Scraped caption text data
----------
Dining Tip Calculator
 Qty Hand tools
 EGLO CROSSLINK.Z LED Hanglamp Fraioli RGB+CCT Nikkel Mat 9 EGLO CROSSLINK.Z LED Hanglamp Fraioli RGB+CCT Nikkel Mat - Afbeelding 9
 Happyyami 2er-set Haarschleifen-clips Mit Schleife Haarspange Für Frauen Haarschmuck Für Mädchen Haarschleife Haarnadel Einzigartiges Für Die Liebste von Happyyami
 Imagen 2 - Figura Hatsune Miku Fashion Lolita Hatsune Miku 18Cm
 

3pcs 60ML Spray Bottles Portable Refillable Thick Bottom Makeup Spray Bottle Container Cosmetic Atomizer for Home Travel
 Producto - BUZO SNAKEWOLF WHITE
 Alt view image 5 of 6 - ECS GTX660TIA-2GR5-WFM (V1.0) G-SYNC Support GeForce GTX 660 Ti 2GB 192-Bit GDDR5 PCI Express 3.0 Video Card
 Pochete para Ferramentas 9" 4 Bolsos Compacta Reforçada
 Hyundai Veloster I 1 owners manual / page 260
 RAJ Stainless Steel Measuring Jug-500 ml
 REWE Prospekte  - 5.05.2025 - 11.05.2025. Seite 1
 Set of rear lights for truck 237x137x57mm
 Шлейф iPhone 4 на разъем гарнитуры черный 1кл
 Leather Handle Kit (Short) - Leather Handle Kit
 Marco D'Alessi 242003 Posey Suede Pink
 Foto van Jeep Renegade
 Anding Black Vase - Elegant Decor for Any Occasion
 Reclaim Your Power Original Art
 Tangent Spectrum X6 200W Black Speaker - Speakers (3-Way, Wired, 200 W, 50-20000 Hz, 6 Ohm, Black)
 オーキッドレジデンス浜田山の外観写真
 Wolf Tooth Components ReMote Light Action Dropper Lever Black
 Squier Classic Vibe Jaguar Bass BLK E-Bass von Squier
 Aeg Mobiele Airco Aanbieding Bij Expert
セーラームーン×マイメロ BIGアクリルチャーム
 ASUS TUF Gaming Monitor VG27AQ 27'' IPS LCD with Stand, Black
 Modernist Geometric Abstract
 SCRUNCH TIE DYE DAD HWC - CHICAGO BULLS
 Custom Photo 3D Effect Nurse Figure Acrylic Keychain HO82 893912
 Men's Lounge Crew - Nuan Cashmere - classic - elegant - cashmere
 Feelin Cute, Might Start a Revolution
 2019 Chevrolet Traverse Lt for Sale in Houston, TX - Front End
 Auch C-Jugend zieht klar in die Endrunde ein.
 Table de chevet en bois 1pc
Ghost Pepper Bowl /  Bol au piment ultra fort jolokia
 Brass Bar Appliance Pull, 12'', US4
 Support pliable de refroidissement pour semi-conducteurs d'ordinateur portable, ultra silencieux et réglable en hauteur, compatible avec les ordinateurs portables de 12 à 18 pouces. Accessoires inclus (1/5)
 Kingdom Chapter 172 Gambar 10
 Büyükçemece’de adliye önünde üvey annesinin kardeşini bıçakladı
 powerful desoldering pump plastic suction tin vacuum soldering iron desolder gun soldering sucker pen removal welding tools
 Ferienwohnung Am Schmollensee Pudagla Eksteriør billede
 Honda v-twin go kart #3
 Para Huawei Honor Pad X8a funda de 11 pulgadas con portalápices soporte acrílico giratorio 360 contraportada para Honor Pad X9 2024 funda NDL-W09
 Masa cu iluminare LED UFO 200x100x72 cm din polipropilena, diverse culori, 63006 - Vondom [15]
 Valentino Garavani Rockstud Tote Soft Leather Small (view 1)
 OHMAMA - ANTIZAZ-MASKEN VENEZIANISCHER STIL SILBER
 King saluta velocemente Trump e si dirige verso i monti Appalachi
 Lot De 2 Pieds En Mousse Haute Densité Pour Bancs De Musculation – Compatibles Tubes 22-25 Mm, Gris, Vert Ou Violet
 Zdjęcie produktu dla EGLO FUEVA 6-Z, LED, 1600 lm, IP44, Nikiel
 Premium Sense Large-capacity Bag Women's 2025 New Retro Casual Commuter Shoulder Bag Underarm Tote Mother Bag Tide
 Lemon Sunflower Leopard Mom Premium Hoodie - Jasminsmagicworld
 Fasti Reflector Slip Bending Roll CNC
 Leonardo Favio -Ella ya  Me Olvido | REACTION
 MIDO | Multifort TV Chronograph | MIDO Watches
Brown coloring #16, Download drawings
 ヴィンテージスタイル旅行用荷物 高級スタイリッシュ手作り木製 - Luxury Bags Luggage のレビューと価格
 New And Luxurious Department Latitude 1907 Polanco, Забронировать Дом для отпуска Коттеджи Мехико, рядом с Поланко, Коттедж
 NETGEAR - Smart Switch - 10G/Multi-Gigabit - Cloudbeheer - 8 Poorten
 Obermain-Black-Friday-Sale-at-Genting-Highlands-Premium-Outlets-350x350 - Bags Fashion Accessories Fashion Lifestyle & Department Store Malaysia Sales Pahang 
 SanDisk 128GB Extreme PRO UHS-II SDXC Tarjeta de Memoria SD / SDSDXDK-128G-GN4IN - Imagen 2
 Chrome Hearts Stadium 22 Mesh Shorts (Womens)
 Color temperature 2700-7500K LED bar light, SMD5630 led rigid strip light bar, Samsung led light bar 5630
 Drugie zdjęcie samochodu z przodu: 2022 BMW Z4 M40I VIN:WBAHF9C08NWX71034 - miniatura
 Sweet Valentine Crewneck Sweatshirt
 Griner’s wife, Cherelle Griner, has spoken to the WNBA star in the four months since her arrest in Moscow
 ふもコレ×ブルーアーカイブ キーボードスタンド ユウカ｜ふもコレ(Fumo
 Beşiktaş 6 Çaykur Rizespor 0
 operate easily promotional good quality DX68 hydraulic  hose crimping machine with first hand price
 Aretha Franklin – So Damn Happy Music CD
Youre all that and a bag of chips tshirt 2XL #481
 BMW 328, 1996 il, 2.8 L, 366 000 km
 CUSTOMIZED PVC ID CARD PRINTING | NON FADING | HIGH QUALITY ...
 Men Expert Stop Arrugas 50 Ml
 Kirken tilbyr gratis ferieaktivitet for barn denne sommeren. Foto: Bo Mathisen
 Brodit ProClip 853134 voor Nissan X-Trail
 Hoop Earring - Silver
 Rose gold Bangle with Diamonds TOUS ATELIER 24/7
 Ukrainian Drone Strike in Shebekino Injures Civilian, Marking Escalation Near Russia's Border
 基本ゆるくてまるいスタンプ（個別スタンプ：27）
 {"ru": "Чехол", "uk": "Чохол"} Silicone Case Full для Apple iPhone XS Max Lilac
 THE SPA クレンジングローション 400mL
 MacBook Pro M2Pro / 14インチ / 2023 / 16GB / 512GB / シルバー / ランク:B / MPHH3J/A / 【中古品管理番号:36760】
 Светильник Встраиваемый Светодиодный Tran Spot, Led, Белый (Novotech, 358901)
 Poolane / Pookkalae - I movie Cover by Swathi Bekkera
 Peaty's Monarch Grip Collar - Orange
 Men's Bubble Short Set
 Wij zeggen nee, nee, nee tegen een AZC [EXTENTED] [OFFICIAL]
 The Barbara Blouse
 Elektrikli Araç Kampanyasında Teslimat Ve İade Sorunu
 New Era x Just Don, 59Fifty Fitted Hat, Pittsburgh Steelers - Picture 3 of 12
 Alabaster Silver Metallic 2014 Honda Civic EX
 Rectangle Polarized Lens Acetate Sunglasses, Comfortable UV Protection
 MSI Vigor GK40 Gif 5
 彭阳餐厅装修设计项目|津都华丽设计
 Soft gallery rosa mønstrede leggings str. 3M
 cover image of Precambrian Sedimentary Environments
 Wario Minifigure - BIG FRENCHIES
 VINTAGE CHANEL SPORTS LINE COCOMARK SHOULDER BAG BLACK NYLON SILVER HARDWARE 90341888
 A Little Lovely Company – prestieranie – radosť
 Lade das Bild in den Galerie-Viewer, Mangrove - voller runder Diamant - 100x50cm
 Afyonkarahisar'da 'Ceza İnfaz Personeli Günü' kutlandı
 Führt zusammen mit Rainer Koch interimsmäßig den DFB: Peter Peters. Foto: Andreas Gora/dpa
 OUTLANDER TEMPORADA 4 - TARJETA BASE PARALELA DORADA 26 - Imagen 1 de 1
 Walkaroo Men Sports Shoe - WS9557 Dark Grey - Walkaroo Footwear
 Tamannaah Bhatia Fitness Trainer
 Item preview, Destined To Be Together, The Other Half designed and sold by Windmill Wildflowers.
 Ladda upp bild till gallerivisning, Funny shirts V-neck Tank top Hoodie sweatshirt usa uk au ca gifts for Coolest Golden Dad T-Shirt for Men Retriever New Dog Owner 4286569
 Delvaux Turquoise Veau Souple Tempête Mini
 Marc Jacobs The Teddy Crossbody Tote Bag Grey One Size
----------
» **Your task**
The lines to copy run from the first line of the entries to the line containing "EGLO CROSSLINK.Z LED Hanglamp Fraioli RGB+CCT Nikkel Mat 9"; copy them exactly and output nothing else.

» **Result of the exercise**
Dining Tip Calculator
 Qty Hand tools
 EGLO CROSSLINK.Z LED Hanglamp Fraioli RGB+CCT Nikkel Mat 9 EGLO CROSSLINK.Z LED Hanglamp Fraioli RGB+CCT Nikkel Mat - Afbeelding 9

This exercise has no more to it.